Intro to CUDA
Modern game engines have a lot going on. With so many different subsystems competing for resources, multi-threading is a way of life. As multi-core CPUs have gotten cheaper and cheaper, game developers have been able to more easily take advantage of parallelism. While Intel and AMD fight to bring more cores and more cores to the CPU, GPUs have been easily surpassing them for raw parallel abilities. Modern GPUs contain thousands of cores, allowing tens of thousands of threads to execute code simultaneously. This presents game developers with yet another opportunity to add parallelism to their programs. In separate threads, an engine may want to perform a search or sort against a large amount of data, pre-process trees, generate a large amount of random data, process an image or perform calculations to be used for a transformation or collision detection. Any parallel computational task can be a good candidate for offloading to the GPU. This article aims to show you one possible way of harnessing that ability in a game using NVidia's CUDA.

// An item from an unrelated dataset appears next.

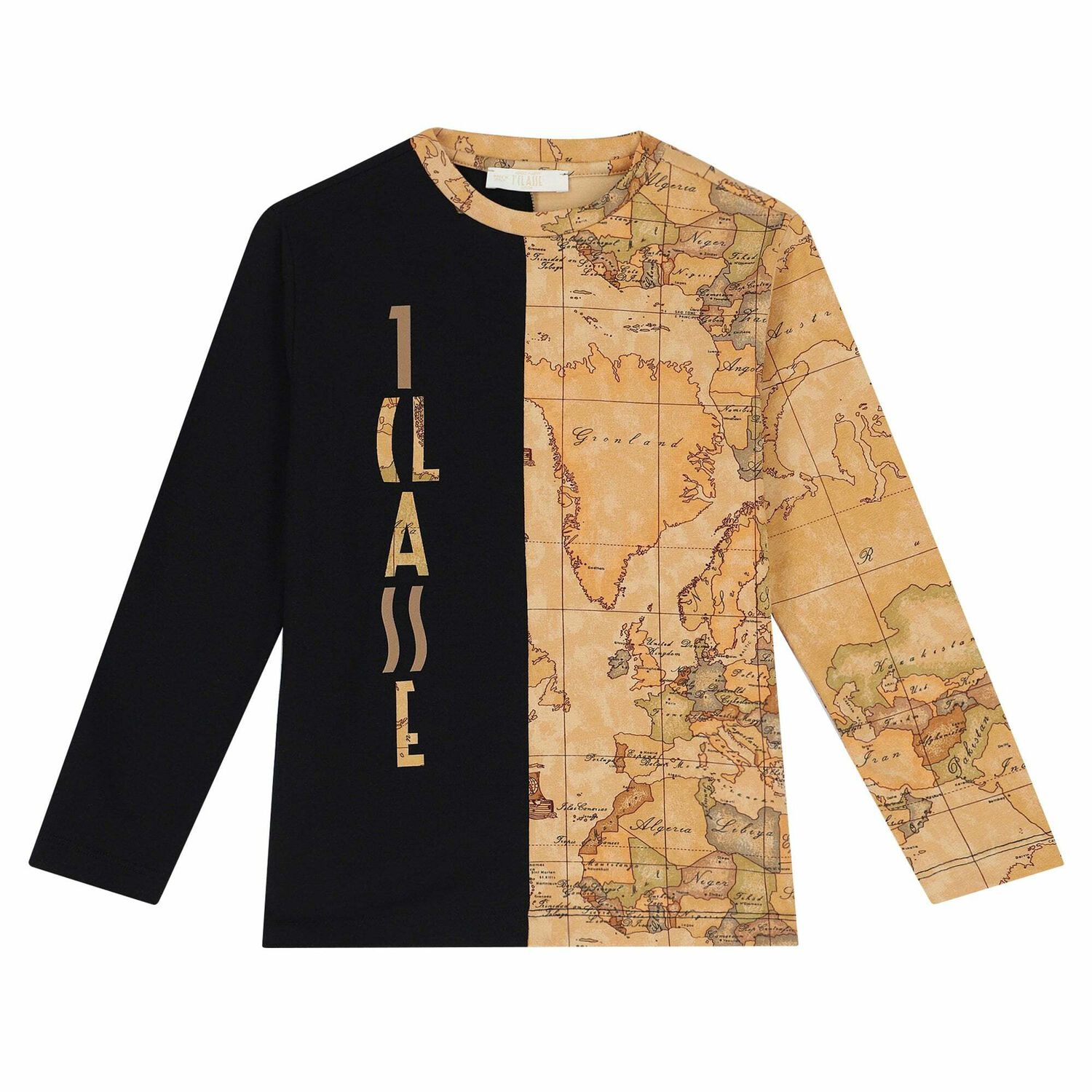 Boys Black & Beige Geo Map Print Top, 1, hi-res image number null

CUDA is both a parallel platform and model that allows code to run directly on the processing cores that make up modern GPUs. It was created by NVidia and currently only supported on NVidia's hardware. It is similar to OpenCL in the idea but different in execution. Using CUDA is as simple as having a recent NVidia graphics card and downloading the free SDK. Links for Windows, Linux and Mac OSX can be found here. While it is proprietary to NVidia, the programming model is easy to use and supported by many languages such as C/C++, Java and Python and is even seeing support on ARM7 architectures. The CUDA programming syntax itself is based on C and so pairs well with games written in C or C++. The CUDA code you write is compiled to object code with NVidia's nvcc compiler and then is linked with standard C code using gcc or Visual Studio to produce the final program. For simple programs, the same file can be used to contain both your entry point and your CUDA function(s). After downloading and installing the toolkit, compiling CUDA code can be done from the command line with the nvcc compiler or through Visual Studio using the CUDA Runtime template which makes it easy to combine standard C/C++ and CUDA code files together in one project.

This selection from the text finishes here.